TASK GOAL
Repeat the whole listing word for word, skipping pictures.

DATA BELOW
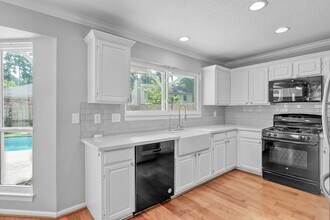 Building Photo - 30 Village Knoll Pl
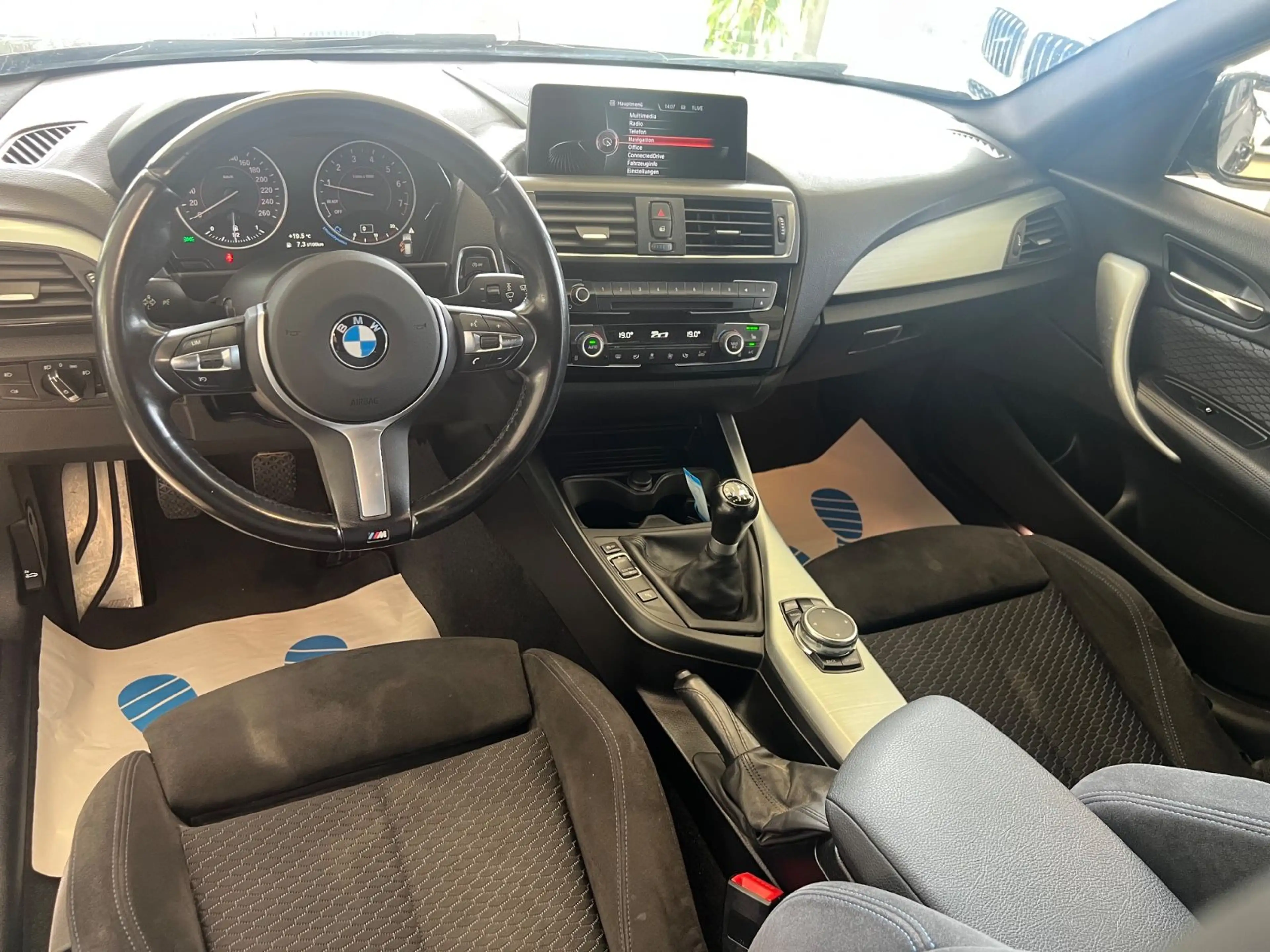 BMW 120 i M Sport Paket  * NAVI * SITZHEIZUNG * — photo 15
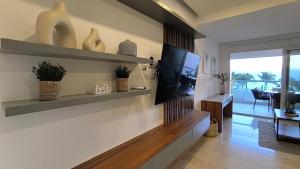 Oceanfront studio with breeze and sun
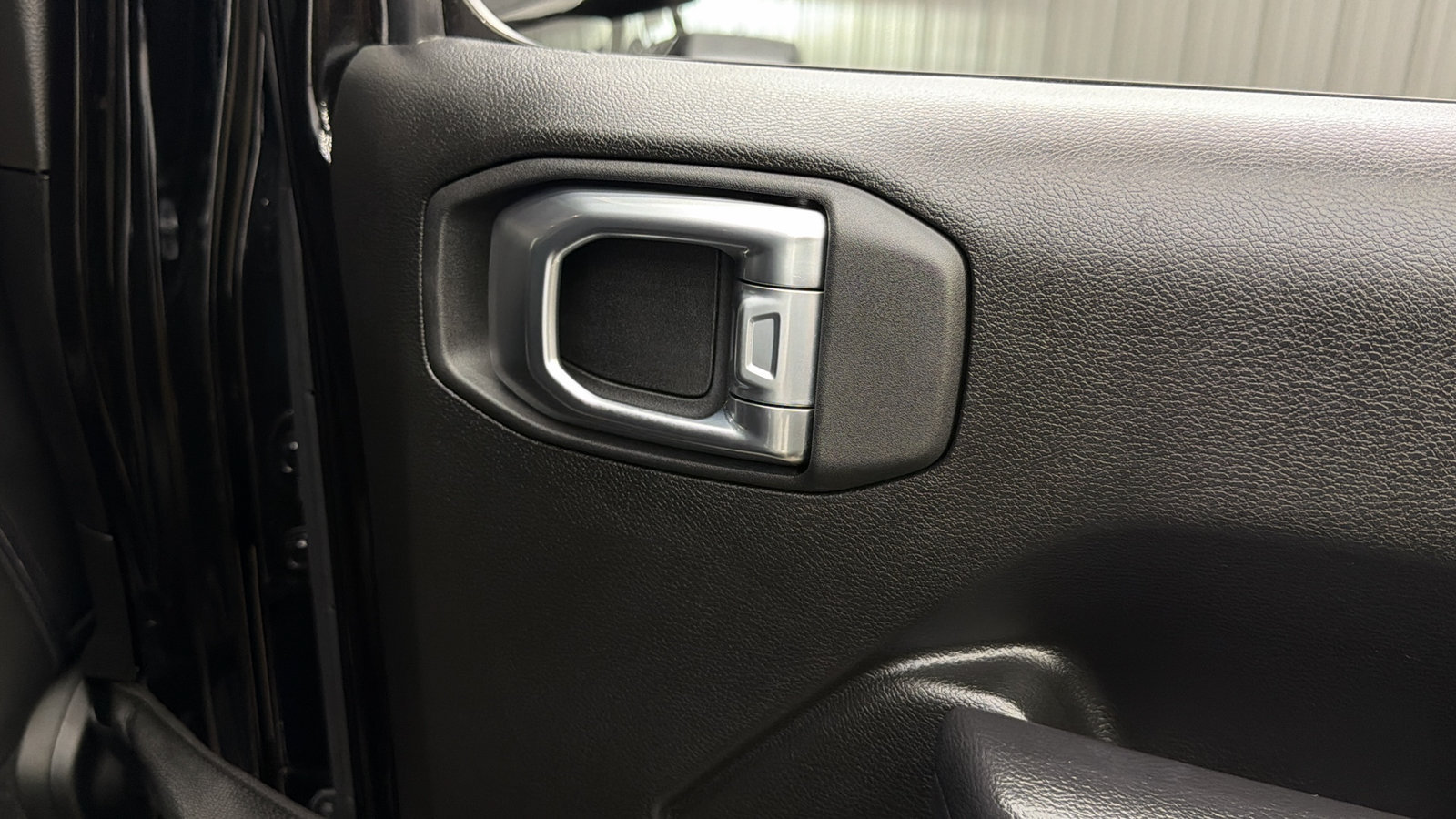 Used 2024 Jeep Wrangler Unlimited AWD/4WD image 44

EXERCISE ANSWER
 Building Photo - 30 Village Knoll Pl
 BMW 120 i M Sport Paket  * NAVI * SITZHEIZUNG * — photo 15
 Oceanfront studio with breeze and sun
 Used 2024 Jeep Wrangler Unlimited AWD/4WD image 44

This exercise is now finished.